[MLton] implement _address and _symbol
Matthew Fluet
fluet@cs.cornell.edu
Mon, 18 Jul 2005 10:12:03 -0400 (EDT)
> It seems there was consensus on these points:
> FFI that uses MLton.Pointer.t should be pointer-type transparent
Yes.
> Ok. However, there seems to be a contradiction here wrt _import *.
>
> '_import *: int -> int;' right now gives MLton.Pointer.t -> int -> int.
The above is not allowed by the current implementation. You must make the
pointer type explicit in the annotation.
> '_import *: MLton.Pointer.t -> int -> int;' ?
This is the correct annotation for the current implementation. And there
is no need to change it.
> That would break compatibility.
There is no compatibility issue, since we currently implement the desired
annotation.
> Ditto for _symbol *. It seems the right types are:
>
> _symbol "x": int; ==> (unit -> int) * (int -> unit)
> _symbol *: int; ==> MLton.Pointer.t -> (unit -> int) * (int -> unit)
>
> However, where does the pointer get specified?
We seem to have settled on
_symbol *: ptrTy, cbTy; ==> (ptrTy -> cbTy) * (ptrTy * cbTy -> unit)
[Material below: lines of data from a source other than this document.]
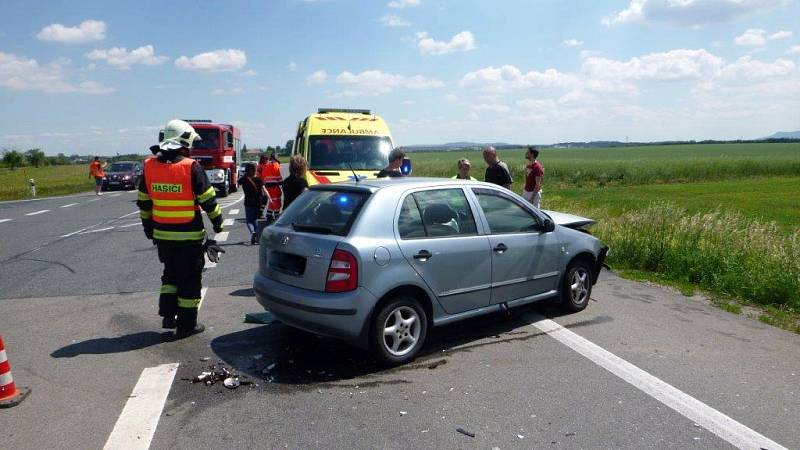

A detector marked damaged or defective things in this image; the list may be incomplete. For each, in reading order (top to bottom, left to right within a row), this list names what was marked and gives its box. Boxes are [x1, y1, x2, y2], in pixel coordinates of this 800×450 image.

second damaged car [253, 178, 608, 364]
damaged silver car [253, 178, 608, 364]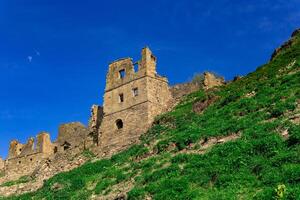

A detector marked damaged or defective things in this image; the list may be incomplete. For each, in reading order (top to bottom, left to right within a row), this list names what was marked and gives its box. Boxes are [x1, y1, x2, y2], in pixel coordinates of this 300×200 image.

broken parapet [203, 71, 224, 88]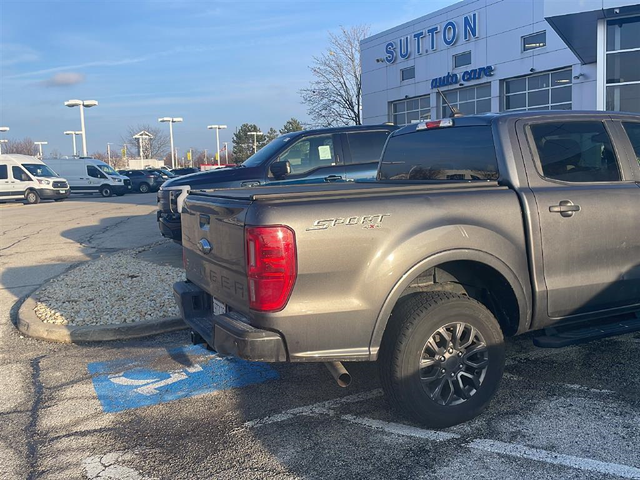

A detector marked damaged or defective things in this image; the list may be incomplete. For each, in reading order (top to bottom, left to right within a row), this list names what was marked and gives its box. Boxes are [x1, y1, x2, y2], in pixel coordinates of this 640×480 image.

cracked pavement [1, 193, 640, 478]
> In fact, all of the ': ....;' syntax seems bogus to me.
> Where's the point in specifying all of this?
You are correct that it is not a proper ML type annotation, in the sense
that it specifies the type of the resulting expression. Rather it is a
type annotation that conveys just enough to nail down the type of the
expression. As I said before, the FFI primitives are not polymorphic
primitives, they are a family of primitives. The annotation selects which
member of the family.
This isn't a real suggestion, but one could imagine the following syntax:
_symbol[cbTy] "symbol";
_symbol[ptrTy,cbTy] *;
which makes it a little more clear that the type annotation is selecting a
particular primitive, which contributes to the type of the resulting
expression, but does not equal it. Likewise:
_address[ptrTy] "symbol";
_import[cfTy] "symbol"; or _import[argTy,resTy] "symbol";
_import[ptrTy,cfTy] *; or _import[ptrTy,argTy,resTy] *;
_export[cfTy] "symbol"; or _export[ptrTy,argTy] "symbol";
You can see my bias peeking through: knowing the implementation, I know
that that more explicit "or" alternatives are easier to implement.
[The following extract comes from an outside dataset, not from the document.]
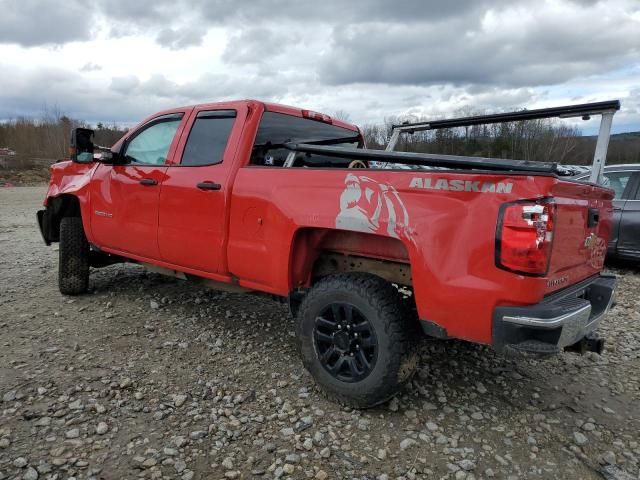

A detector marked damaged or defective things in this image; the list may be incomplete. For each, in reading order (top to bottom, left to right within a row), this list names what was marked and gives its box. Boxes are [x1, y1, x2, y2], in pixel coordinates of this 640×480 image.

front bumper damage [492, 274, 616, 356]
Recalling that originally the only FFI primitive was _import of
C-functions, it becomes clear why adopting the ML style type annotation
made sense -- since in that (one) case, the annotation is the type of the
resulting expression.
> Another frightening aspect no one has brought up: what about pointers?
> val set : int vector -> unit = _store "x"
>
> This is extremely frightening (to me) since it seems the exported pointer
> can never be assumed to contain valid information. For _import this works,
> because you don't use the GC during the C function call.
That's not actually true. You can call a C function, which calls an
_export-ed ML function, during whose execution a GC may occur, so any ML
pointers that the C function had when control returns are not necessarily
valid. It is a (minor, as in relatively easily fixed) deficiency of the
runtime system that there is no way to register ML pointers with the
runtime to be treated as roots and updated at a GC.
> And what about
> val get : unit -> int vector = _fetch "x"
> Where does the length information come from?
The supposition is that the pointer in the symbol "x" is a (pointer to a)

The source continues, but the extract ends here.